Perspectives on Death and Dying

According to a recent article in the Journal of the American Medical Association, different ethnic groups may have distinctly different views of medical care issues at the end of life. The article reports on a University of Southern California of 800 elderly patients.

Study results indicate that immigrants from South Korea and Mexico are particularly likely to differ from the more common views of European-Americans and African-Americans. While the latter groups (and the legal system) focus on a patient self-determination model, the immigrant groups were much more likely to rely on family consensus and less inclined to permit patients to make their own decisions.

A second study reports on Do Not Resuscitate orders among terminally ill AIDS patients. Perhaps surprisingly, the study reveals that about 2/3 of such patients would want to be resuscitated. About half of even those who rated their own prognosis as poor wanted resuscitation.

Patient’s Treatment Wishes Usually Ignored, Study Says


A disturbing new study calls into question the very basis for patient’s advance directives. According to researchers, doctors are likely to honor patients’ about treatment options only in about half of all cases.

The $28 million study, funded by the Robert Wood Johnson Foundation and published in the Journal of the American Medical Association, also found that efforts to increase doctors’ understanding of individual patients’ wishes had no positive effect on the problem. While the study did not directly address living wills or durable powers of attorney for health care, the results call into question the value of such directives in the real world.

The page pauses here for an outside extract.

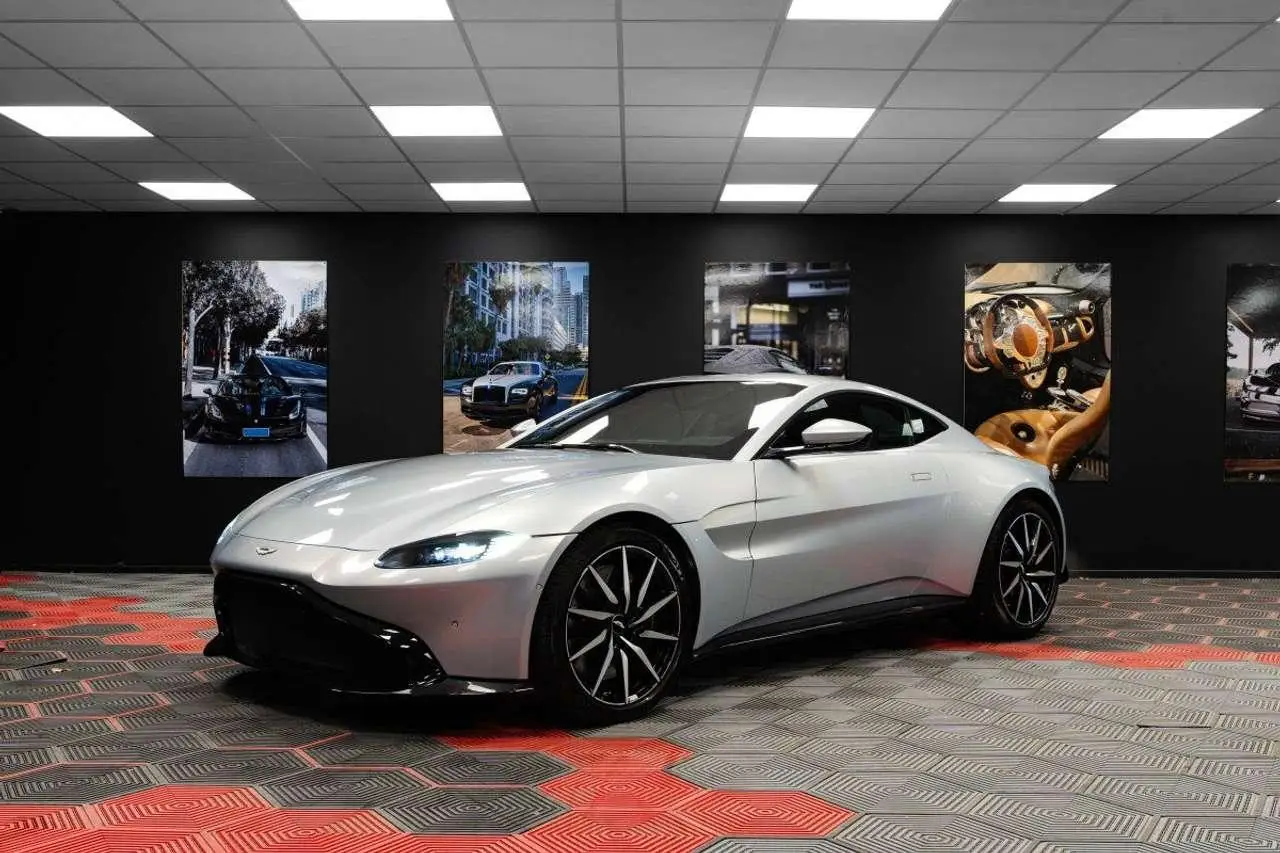 Photo 1 : Aston Martin V8 2019 Essence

Researchers interviewed hospital patients at six medical centers around the country to find out whether they would want to be resuscitated in the event of cardiopulmonary arrest. Nearly a third declined CPR, but fully 80% of doctors either misunderstood or ignored their patients’ wishes. The result for half of the patients; although they refused CPR, their hospital records indicated that they were to receive such treatment in the event of an attack.

Even in those cases where doctors correctly understood their patients’ wishes, the delay in securing “no code” orders in medical charts was unreasonably long. The average length of time between the request for a “no code” order and its insertion in medical records varied by facility, but the most prompt hospital averaged 22 days; the least prompt took, on average, 73 days before charting the patient’s wishes.

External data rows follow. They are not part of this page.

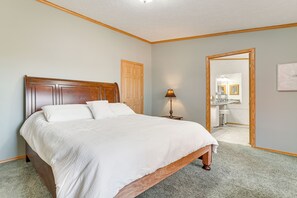 House (3 Bedrooms) | Interior - 8 Mi to Dtwn Rochester: Peaceful Home w/ Deck! (Rochester)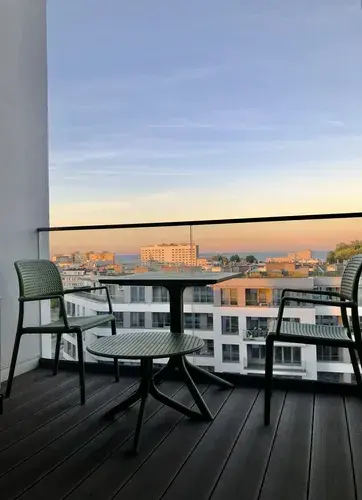 gallery. plik: Tlusta-Mewa-Sea-View-Gdynia-apartament-wakacyjny-z-widokiem-na-morze-w-sercu-gdyni-1.webp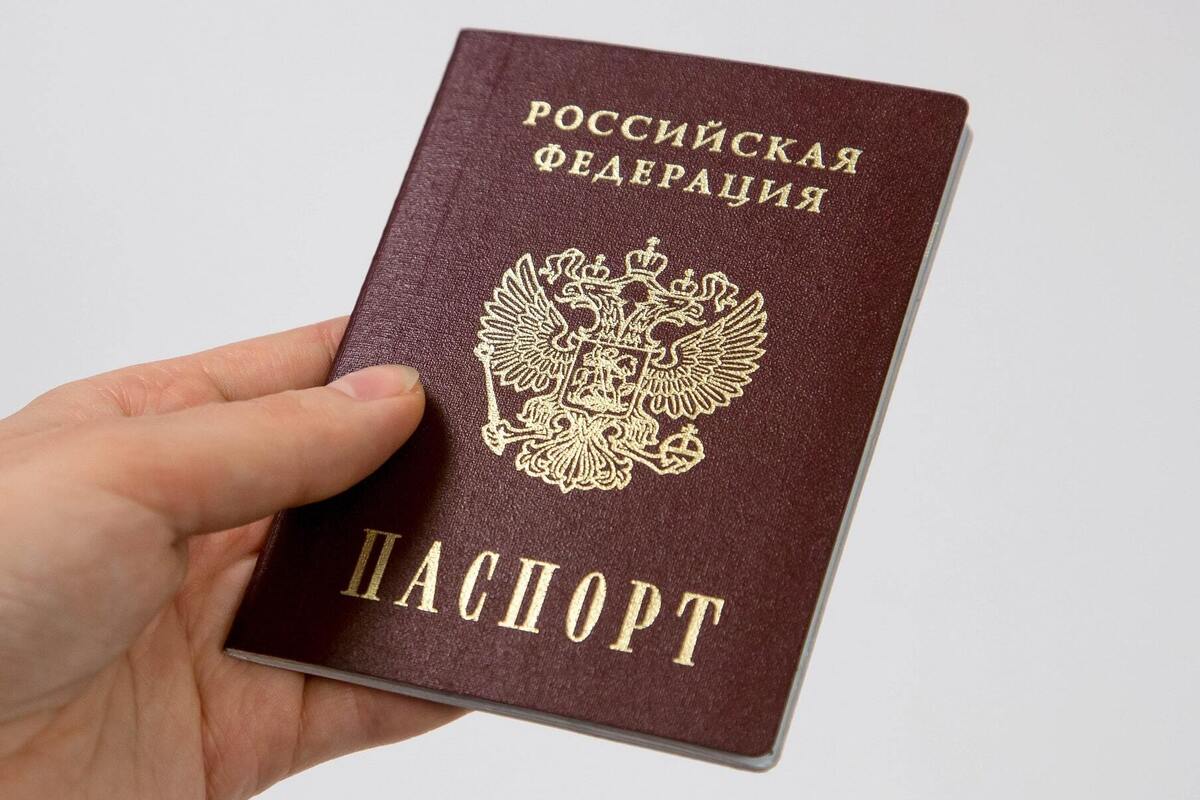 Жители Запорожья выстроились в длинные очереди за российскими паспортами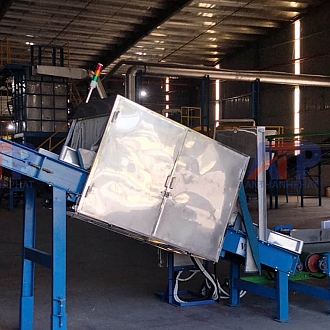 che-tao-bang-tai-nghieng-len-vai-ket-hop-bo-dem-thong-minh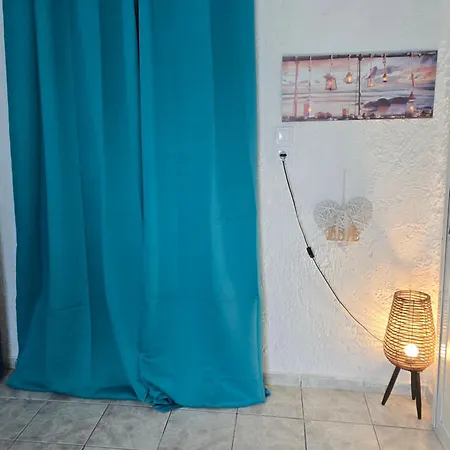 Nyaraló Lily's House Near The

Perhaps the most disturbing element of the study emerged during its second phase. Researchers utilized specially trained nurses to document the patients’ wishes and estimate their prognoses for doctors (using specially designed computer software). The result of this expensive intervention: no improvement in the rate of compliance with patients’ wishes.

At the same time the study reviewed the circumstances of death for those patients who died in the facilities. Half were found to have died in moderate to severe pain and half were receiving mechanical ventilation for at least eight days at the end of life. Neither result changed after the intervention of the specially trained nurses.

The same JAMA issue included a number of commentaries on these striking study results. Observers suggested that the entire medical system is constructed to promote disregard for patients’ wishes not to be treated. One commentator noted that doctors usually have a financial incentive to treat patients aggressively. Another observed that the best course for patients and their families is to aggressively insist on their preferences.

While the study did not assess the value of advance directives, one conclusion seems inescapable. While doctors may ignore the wishes expressed in a living will, naming an agent for health care decision-making should help produce compliance with patients’ instructions. But no one should assume that doctors will determine and follow patients’ wishes in most cases.